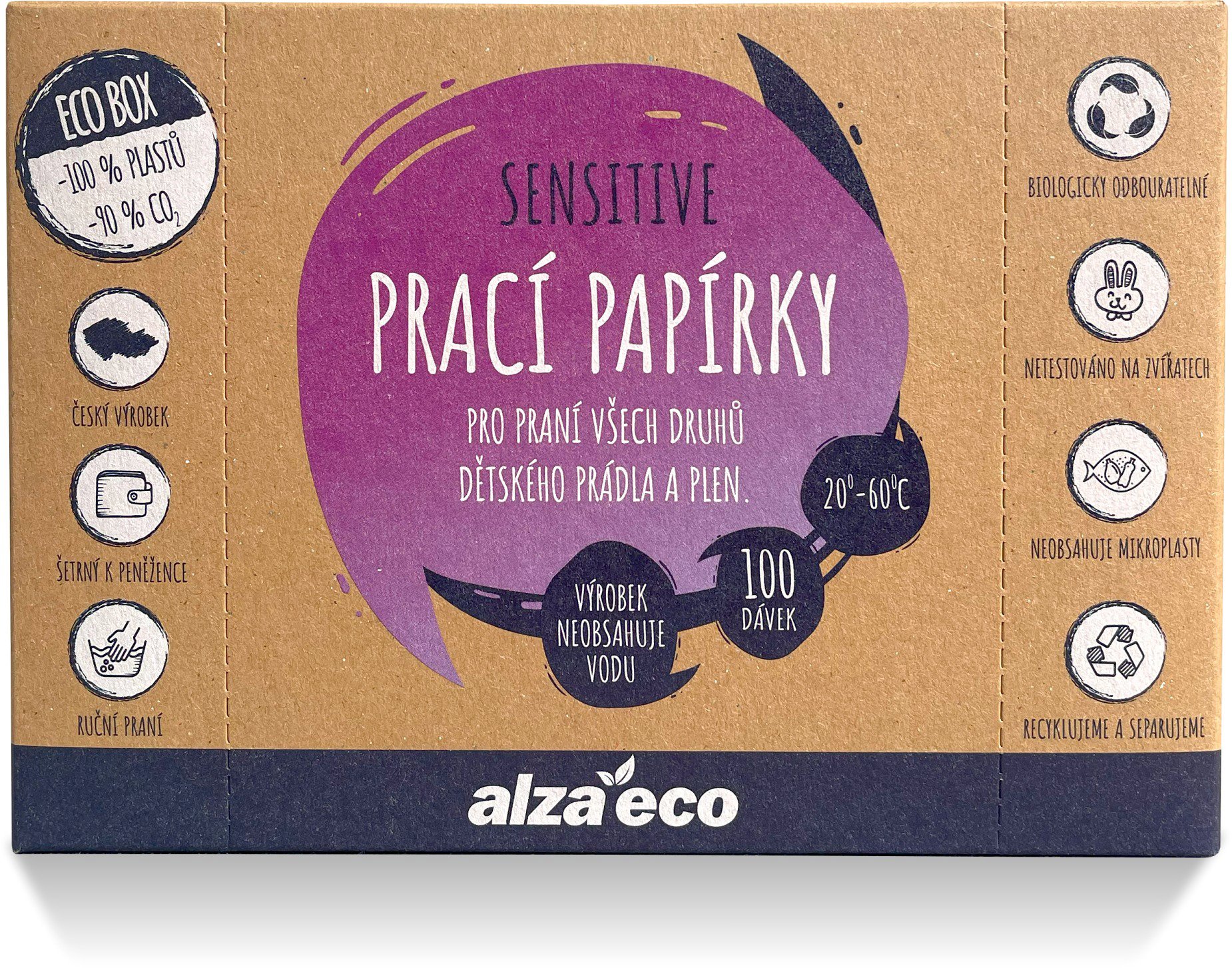 AlzaEco pracie papieriky Sensitive (100 praní)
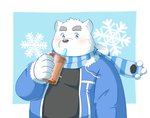 anthro blue_eyes blush clothing fur humanoid_hands kemono male overweight overweight_anthro overweight_male scarf solo sweater topwear white_body white_fur break301 utau shirane_kan bear mammal polar_bear ursine 2021 hi_res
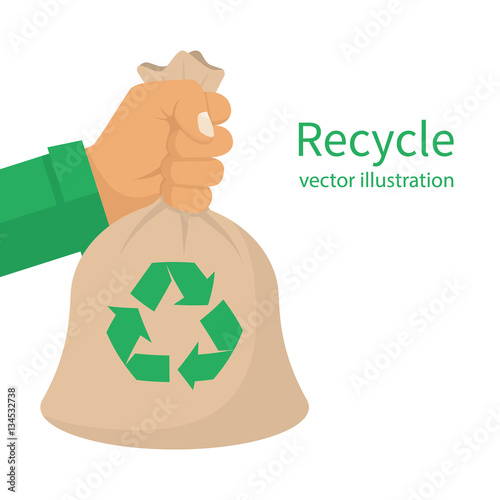 Recycle bag hold hand man. Vector illustration flat design. Isolated on white background. Recycling concept. Environment protection.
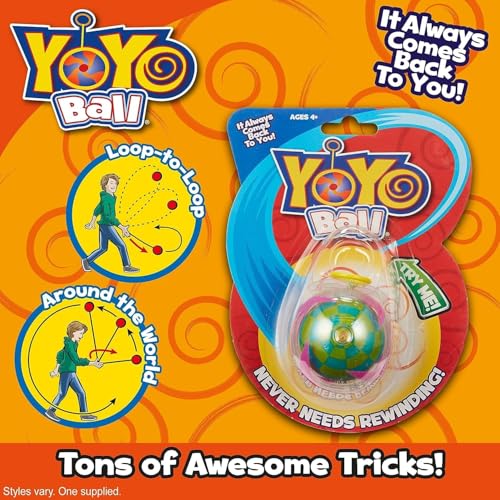 Big Time Toys Yoyo Ball Automatic Return Yoyo, Assorted Colors and Patterns, Never Needs rewinding, New Twist on Old Fun, Enhances Motor Skills and Hand-Eye Coordination, Grows with Skill Level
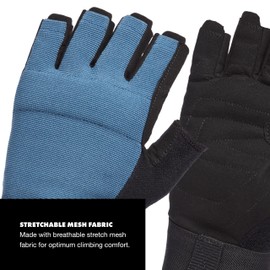 Black Diamond Unisex Crag Half-Finger Gloves Climbing Gloves, Via Ferrata, Astral Blue, M, blue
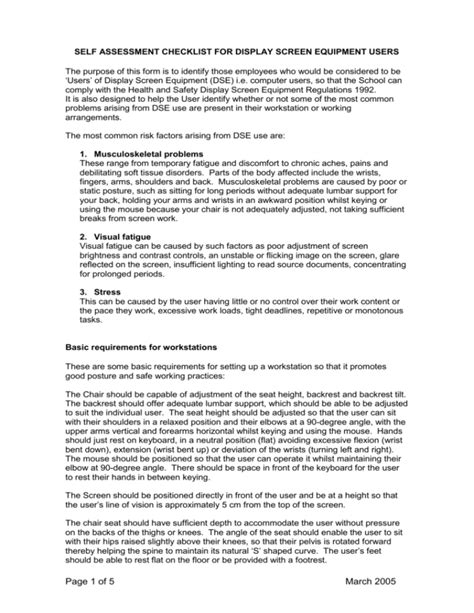 self assessment checklist for display screen equipment users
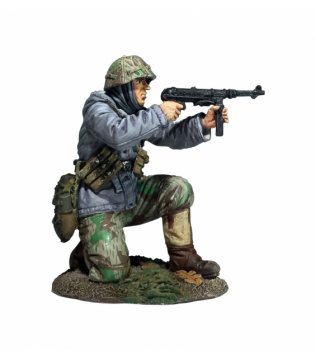 German Volksgrenadier Kneeling Firing MP-40 in Parka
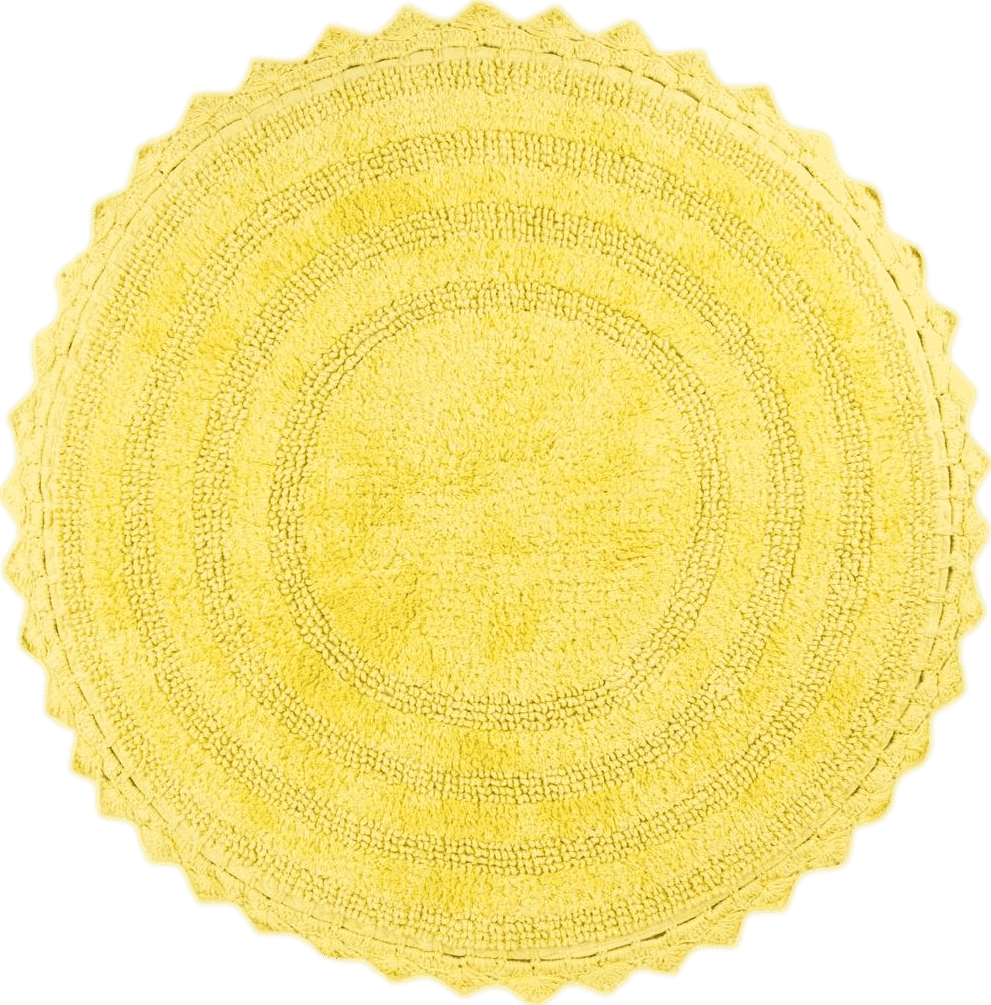 Yellow DII Crochet Collection Reversible Bath Mat, Round, 27.5" Diameter, Yellow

**EXERCISE:** Could you repeat, exactly and with nothing else, the lines from the first line of the records through the line containing "Big Time Toys"? Leave out the pictures.

**SOLUTION FOR THIS PROBLEM:**
 AlzaEco pracie papieriky Sensitive (100 praní)
 anthro blue_eyes blush clothing fur humanoid_hands kemono male overweight overweight_anthro overweight_male scarf solo sweater topwear white_body white_fur break301 utau shirane_kan bear mammal polar_bear ursine 2021 hi_res
 Recycle bag hold hand man. Vector illustration flat design. Isolated on white background. Recycling concept. Environment protection.
 Big Time Toys Yoyo Ball Automatic Return Yoyo, Assorted Colors and Patterns, Never Needs rewinding, New Twist on Old Fun, Enhances Motor Skills and Hand-Eye Coordination, Grows with Skill Level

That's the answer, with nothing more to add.